© Joel Sartore/joelsartore.com
When Woody Guthrie sang “this land was made for you and me” back in the 1930s, he neglected to mention the plants and animals it was made for, too.
Enter America’s Wildlife Heritage Act, introduced into the House of Representatives in June by Representatives Ron Kind (D-Wis.) and Walter Jones (R-N.C.). The bill aims to ensure that the government manages national forests and other public lands by making the health of ecosystems a priority. Too often, conservationists say, wildlife takes a backseat to development activities such as logging and oil and gas leasing on federal lands.

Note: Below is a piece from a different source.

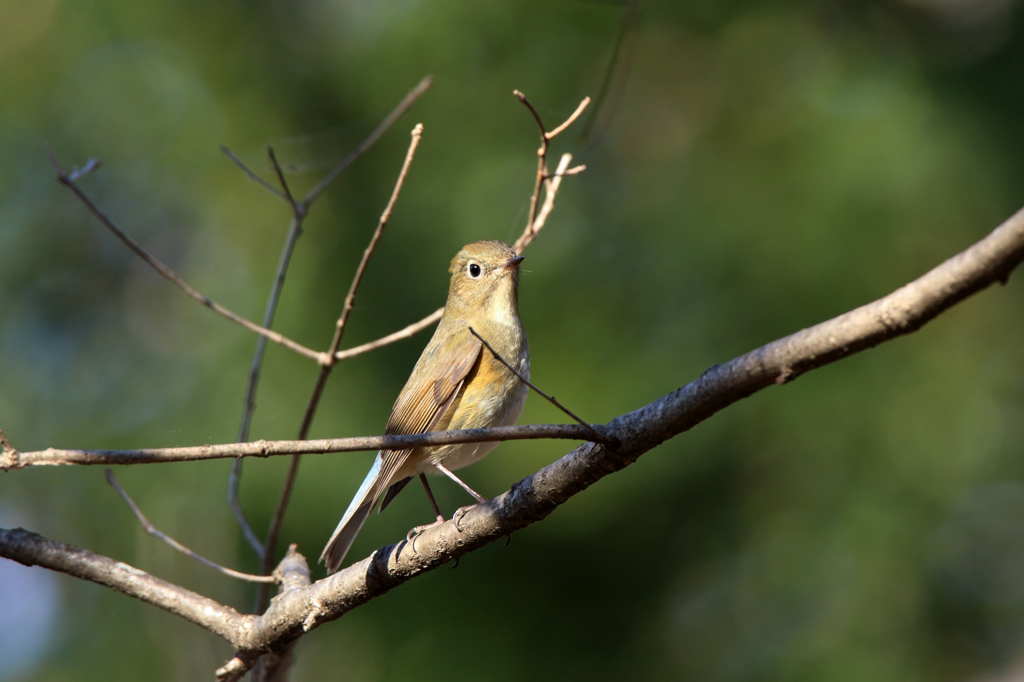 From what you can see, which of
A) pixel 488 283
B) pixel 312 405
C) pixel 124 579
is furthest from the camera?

If passed, the legislation would provide the U.S. Forest Service and the Bureau of Land Management (BLM) with clear objectives and science-based tools to sustain and monitor healthy populations of fish and wildlife and their habitat in national forests, grasslands and BLM lands. “This is especially important today as the land comes under increasing pressure for resource development and energy production, and global warming threatens to change much of the habitat wildlife relies upon,” says Peter Nelson, Defenders’ federal lands program director. About 20 percent to 30 percent of plant and animal species alive today are at risk of extinction by 2050 if average temperatures increase more than 2 degrees F, according to the United Nations’ Intergovernmental Panel on Climate Change. Protecting habitat could help some of these species adapt.
Forest Service and BLM lands hold some of the last remaining intact wildlife corridors for large animal species, such as pronghorn and elk, and provide habitat for countless other species, both imperiled and common. These public lands are also home to some 3,400 bodies of water that replenish aquifers, provide drinking water and irrigate farmland.
“In the face of rapidly changing habitats brought on by global warming, America’s Wildlife Heritage Act will help protect the wildlife treasured by all Americans,” says Nelson.